It was meant to be a good day. A day full of positive distractions. A day of moving forward with new ambitions. The type of day when we least expect PTSD triggers to strike. The type of day that we both happily let our guard down. Though maybe it was because of that, when the intrusions unexpectedly began to flood his mind I saw they had hit him that bit harder, and for that bit longer.
But that’s not what upset me the most that day.
He came home and let me know right away that his day had been a particularly bad one. No, he didn’t know what he felt. No, he didn’t know what he needed. There’s no easy way for him to escape the memories, and no possible way for him to normalise them. In his torment, he craved space, but I could also sense he still desperately needed to stay close to our love and support.
It’s always upsetting to see him like this, but that’s not what upset me the most that day.
It was as the children and I sat down to our dinner, after first gently checking on my husband, that the surge of questions began. Is Daddy okay? Why is he not eating his dinner? Why is he outside in the dark on the swing by himself? Why is he just sitting there doing nothing? Mummy, why does Daddy look so sad?
I always strive to be open with my children, and I generally trust that they will only ask a question if they’re ready to hear the answer. But the next question from my daughter truly rattled me.
Already, at seven, my daughter can be deeply perceptive. Just like me, she could see her father was on his own, but was not actually alone. Just like me, she could read the torment on his face as he became utterly swamped by the dark memories that will never fade. And just like me, she already holds real-life fears.
“Mummy, do people sometimes kill themselves?”
I willed myself not to let the shock of her question register on my face. I willed myself not to look over at my husband outside. I needed a second to breathe. “Do you want an honest answer?”
As I attempted to find the words that might form a sensitive reply, I was suddenly grateful that my 5-year-old son had briefly left the table, thankfully not hearing our conversation. And I morosely let myself wonder what other families were discussing around their dinner tables that evening. “Sometimes people have so much sadness and hurt inside them, and for such a long time, that they feel there’s no other way to stop it. They believe that nothing could ever make them feel better, that no one could possibly help.”
Her eyes were locked on mine. I held them. I needed her to really hear what I was about to say next. “And yes, sometimes they may want to kill themselves. They think it will end their pain, but often they don’t realise that the hurt and sadness won’t end there. It will be passed onto all the people that love them and miss them – their friends, their family, and their children.”
She took in my words. I could see her turning the answer over in her mind as she glanced out the window at her father. “Will Daddy do that?”
Once again, I wasn’t prepared. I thought I still had more time before encountering these heavy questions. How could I tell her that I don’t know for sure? How could I honestly admit that it’s never a certainty when PTSD is involved?

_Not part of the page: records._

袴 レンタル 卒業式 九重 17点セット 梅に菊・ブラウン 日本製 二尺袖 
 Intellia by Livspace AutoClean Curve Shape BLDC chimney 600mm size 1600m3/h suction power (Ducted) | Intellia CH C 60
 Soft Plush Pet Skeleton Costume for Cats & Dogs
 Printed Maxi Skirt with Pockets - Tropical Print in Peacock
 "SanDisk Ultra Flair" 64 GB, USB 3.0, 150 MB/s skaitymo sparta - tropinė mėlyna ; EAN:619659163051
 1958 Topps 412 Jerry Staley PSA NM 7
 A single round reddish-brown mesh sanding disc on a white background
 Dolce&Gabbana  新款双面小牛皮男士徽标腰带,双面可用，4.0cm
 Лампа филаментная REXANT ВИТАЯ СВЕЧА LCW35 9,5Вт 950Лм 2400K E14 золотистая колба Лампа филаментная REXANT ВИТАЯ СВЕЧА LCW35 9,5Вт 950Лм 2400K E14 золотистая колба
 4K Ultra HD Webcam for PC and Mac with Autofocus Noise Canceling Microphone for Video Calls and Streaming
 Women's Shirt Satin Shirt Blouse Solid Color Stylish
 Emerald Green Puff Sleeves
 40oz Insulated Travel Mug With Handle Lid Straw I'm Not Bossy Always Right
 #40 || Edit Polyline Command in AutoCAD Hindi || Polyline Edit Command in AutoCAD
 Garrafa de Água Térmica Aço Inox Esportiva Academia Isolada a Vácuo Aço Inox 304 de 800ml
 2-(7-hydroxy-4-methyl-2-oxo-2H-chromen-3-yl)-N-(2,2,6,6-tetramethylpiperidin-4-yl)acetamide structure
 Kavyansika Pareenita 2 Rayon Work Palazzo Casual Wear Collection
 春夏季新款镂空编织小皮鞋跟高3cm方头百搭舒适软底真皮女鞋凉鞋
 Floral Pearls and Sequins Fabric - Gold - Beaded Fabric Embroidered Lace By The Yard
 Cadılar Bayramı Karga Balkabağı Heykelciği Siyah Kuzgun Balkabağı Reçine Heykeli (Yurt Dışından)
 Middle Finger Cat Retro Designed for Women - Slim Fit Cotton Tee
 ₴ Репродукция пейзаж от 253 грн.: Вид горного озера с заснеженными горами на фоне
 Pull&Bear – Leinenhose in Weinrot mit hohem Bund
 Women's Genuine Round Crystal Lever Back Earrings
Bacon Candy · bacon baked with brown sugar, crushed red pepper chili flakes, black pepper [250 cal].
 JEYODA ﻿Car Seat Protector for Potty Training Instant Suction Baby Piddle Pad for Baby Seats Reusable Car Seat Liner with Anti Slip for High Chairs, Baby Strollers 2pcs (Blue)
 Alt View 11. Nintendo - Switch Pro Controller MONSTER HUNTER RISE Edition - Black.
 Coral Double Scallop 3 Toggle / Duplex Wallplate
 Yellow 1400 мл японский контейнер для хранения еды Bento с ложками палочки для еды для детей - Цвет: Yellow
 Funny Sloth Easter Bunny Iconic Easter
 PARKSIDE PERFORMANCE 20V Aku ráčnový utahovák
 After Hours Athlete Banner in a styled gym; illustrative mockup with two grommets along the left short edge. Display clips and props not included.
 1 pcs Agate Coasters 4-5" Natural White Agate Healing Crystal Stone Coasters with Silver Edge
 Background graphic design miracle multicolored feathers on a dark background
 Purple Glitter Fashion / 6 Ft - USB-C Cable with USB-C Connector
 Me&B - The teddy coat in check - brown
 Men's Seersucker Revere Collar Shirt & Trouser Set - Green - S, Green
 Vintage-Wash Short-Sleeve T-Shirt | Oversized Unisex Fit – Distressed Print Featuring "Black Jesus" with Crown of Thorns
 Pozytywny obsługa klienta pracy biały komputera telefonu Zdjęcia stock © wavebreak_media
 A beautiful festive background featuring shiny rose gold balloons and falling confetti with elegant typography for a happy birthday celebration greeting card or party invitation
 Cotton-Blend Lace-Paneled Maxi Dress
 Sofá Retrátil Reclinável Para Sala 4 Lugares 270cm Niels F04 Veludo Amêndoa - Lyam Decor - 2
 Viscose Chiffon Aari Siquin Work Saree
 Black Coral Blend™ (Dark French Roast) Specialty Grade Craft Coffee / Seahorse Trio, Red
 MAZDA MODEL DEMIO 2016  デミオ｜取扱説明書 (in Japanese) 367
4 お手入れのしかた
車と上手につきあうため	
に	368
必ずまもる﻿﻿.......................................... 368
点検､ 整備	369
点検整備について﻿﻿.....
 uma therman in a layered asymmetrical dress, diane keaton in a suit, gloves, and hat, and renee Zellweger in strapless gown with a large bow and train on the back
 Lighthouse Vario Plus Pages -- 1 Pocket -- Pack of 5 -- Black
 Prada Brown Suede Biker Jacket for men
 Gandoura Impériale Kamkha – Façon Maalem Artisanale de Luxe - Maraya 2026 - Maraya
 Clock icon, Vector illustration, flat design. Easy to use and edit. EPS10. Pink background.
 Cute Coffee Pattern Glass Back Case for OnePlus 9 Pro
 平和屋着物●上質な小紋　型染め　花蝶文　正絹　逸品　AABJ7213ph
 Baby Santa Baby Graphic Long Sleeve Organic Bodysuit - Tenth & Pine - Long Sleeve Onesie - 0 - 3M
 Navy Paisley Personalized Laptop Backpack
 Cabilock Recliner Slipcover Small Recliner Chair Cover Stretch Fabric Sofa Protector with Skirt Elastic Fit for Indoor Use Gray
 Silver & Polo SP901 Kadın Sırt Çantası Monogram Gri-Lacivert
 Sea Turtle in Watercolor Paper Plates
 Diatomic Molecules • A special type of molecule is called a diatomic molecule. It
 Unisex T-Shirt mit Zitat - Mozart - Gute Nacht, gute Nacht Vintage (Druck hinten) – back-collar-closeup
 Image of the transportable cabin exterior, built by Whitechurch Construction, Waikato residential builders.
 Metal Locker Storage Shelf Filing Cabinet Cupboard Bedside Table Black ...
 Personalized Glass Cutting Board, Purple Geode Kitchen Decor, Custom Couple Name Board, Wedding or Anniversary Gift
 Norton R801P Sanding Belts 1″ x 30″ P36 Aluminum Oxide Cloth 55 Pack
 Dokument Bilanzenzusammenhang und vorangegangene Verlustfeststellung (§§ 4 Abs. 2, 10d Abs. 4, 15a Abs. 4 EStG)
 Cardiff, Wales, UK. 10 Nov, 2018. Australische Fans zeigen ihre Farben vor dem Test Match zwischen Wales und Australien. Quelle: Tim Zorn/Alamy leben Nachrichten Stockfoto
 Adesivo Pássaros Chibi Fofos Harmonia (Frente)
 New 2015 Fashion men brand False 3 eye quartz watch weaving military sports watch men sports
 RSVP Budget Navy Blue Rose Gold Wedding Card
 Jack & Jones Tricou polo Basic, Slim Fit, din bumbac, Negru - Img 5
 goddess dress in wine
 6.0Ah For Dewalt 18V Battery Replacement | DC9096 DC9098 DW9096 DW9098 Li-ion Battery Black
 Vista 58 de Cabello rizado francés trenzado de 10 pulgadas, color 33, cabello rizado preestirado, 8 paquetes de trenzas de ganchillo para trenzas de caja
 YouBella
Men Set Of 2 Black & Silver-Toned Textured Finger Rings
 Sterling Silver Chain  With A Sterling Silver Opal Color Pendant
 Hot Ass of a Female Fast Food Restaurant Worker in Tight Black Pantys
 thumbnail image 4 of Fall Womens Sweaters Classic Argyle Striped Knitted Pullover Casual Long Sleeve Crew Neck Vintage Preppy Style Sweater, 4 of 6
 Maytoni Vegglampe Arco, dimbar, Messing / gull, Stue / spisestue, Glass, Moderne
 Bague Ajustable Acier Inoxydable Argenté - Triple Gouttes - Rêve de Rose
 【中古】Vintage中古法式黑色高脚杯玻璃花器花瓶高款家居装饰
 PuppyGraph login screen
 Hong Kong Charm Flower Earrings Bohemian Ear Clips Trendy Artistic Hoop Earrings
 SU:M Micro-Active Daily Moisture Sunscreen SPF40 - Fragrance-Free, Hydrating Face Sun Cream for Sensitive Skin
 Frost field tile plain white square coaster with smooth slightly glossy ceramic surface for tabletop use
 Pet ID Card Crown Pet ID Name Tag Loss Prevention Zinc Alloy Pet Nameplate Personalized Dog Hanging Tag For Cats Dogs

“No darling, Daddy won’t do that.”
It wasn’t enough for her. “But Mummy, what if he decided to?”
“We know Daddy has sadness and hurt inside him because of the PTSD, but Daddy knows that we all love him so much and that we’re here to help him in any way we can. And he would never want to do anything to hurt us.”
On a day that was meant to be a good day, I talked about suicide with my daughter years before it should even be in her vocabulary. I acknowledged the raw truths of PTSD. And then, as I spoke out loud some of the darkest fears I harbour, I recognised the same fears in my own children.
On a day that ended up anything but good, it was this reality that upset me the most.